O festival tem uma relação quase religiosa com seu próprio território. Os fãs chamam o lugar de Holy Ground, e isso não é um exagero vazio. Para muitos participantes, pisar no Infield, ver os palcos principais, caminhar pelo Wackinger Village, chegar ao camping, passar pelo Metal Markt ou levantar os chifres diante de milhares de pessoas representa um rito de pertencimento. Wacken entende que o metal não é apenas música alta, mas identidade, estética, humor, irmandade, resistência e memória compartilhada. Por isso o festival funciona tanto por seus headliners quanto por seus símbolos.
Musicalmente, Wacken cobre uma parte enorme do universo metal. Pode reunir lendas do heavy clássico, bandas de power metal, thrash, death, black, doom, folk, pagan, symphonic, industrial, hardcore, metalcore e propostas mais próximas do hard rock ou da cultura alternativa. Essa amplitude não o torna genérico; torna-o enciclopédico. Wacken é um daqueles raros lugares onde convivem veteranos com jaquetas cheias de patches, adolescentes descobrindo suas primeiras bandas extremas, fãs de guitarras virtuosas, amantes da escuridão, devotos do metal festivo e curiosos que querem entender por que esse festival provoca tanta lealdade.

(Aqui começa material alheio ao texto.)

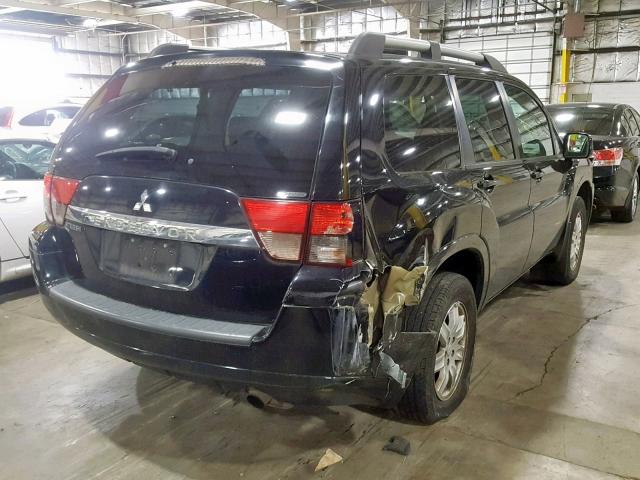 mitsubishi endeavor 2011 vin 4a4jn2as7be028247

A experiência não se limita ao line-up. O camping faz parte do coração do festival. A chegada, a montagem, a chuva, a lama, a comida improvisada, as bandeiras, os vizinhos desconhecidos, as caminhadas intermináveis e as conversas absurdas entram na memória de Wacken tanto quanto os shows. O clima, muitas vezes imprevisível, virou parte do mito. Em Wacken, a lama não é apenas um incômodo; pode se tornar uma insígnia. Sobreviver a ela, rir dela e continuar cantando faz parte do pacto.
Também existe uma dimensão institucional importante. Wacken Metal Battle conecta o festival a bandas emergentes do mundo todo, enquanto a Wacken Foundation reforça a ideia de que o festival não apenas consome cultura metal, mas também tenta alimentá-la. Essa rede ajuda Wacken a ser mais do que uma sequência de grandes nomes. Funciona como ecossistema, vitrine, tradição e plataforma.
Wacken Open Air importa porque conseguiu algo que poucos festivais alcançam: tornar-se lugar real e lenda ao mesmo tempo. É massivo, mas conserva um imaginário de comunidade. É profissional, mas mantém algo de loucura rural. É global, mas continua ligado a um pequeno vilarejo. Para o metal, Wacken não é simplesmente um festival famoso. É uma promessa: a de que, por alguns dias, a música mais pesada pode construir sua própria nação de lama, fogo, cerveja, guitarras e lealdade.